Se tantos foram considerados o Maior do Mundo, se outros tantos se autoproclamam os melhores do planeta, ou de seus territórios, a única certeza foi expressa pelo bom pianista, compositor e ator norte americano Oscar Levant (1906-1972), autor da epígrafe deste post. Atribui-se a ele a resposta a uma pergunta a respeito de qual seria o maior pianista do mundo. Teria respondido que, como todos almejam ser ou se consideram os melhores, ele estava absolutamente tranqüilo, pois tinha a convicção de ser o segundo maior pianista do Terra, posição jamais reivindicada por qualquer colega.
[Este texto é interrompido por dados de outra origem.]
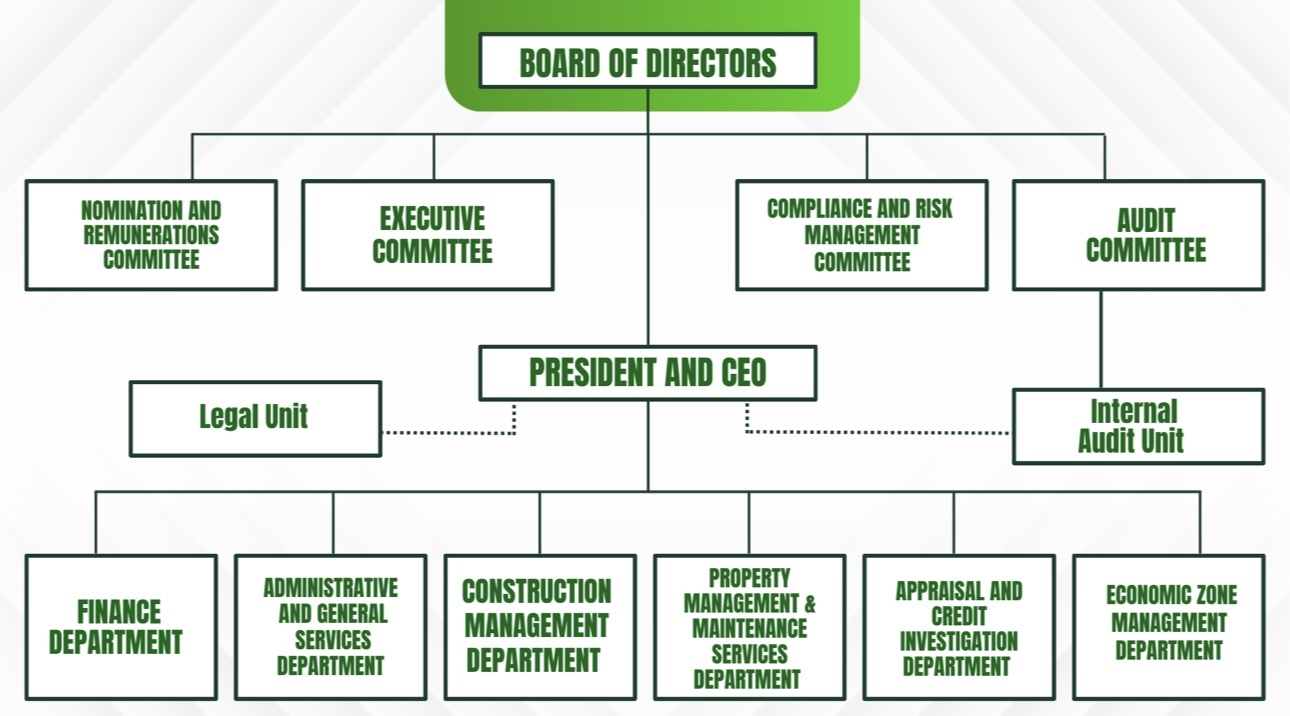 Organizational Structure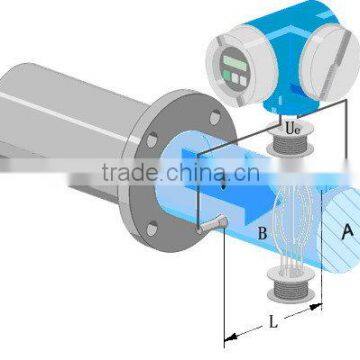 LDGY-15 Electromagnetic Flow Meter photo-2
The World’s Greatest Pianist:
The media and the public take great pleasure in electing the best in every category. It is not different with pianists. But would it be possible to choose “the greatest pianist in the world”? I guess not, with so many serious contenders. Many hundreds of excellent pianists are scattered all over the globe. On which criteria should the evaluation be based: the flawless technique, the exuberance of the touch, the extension of the repertoire, live or recorded performance?. Maybe the best answer to this question was given by the American pianist, composer and actor Oscar Levant (1906-1972), who is quoted to have said that since all are hailed as “the best” – or proclaim themselves as such – he was happy to be the second best pianist in the world, a position never claimed by any of his fellow musicians.